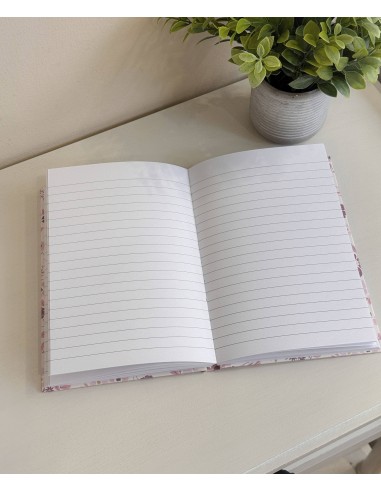 Libreta flores con bolígrafo dorado...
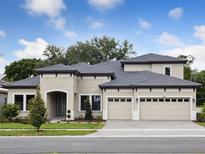 Stunning two-story home with a three-car garage, neutral stucco, and a meticulously manicured lawn at 4630 Cedar Fog Ct Dr, Valrico, FL 33596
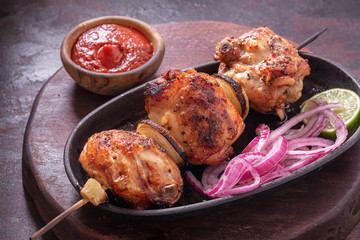 Grilled chicken thighs on a skewer on serving pan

= To do =
Print all data above verbatim, except pictures.

= Solved exercise =
 Libreta flores con bolígrafo dorado...
 Stunning two-story home with a three-car garage, neutral stucco, and a meticulously manicured lawn at 4630 Cedar Fog Ct Dr, Valrico, FL 33596
 Grilled chicken thighs on a skewer on serving pan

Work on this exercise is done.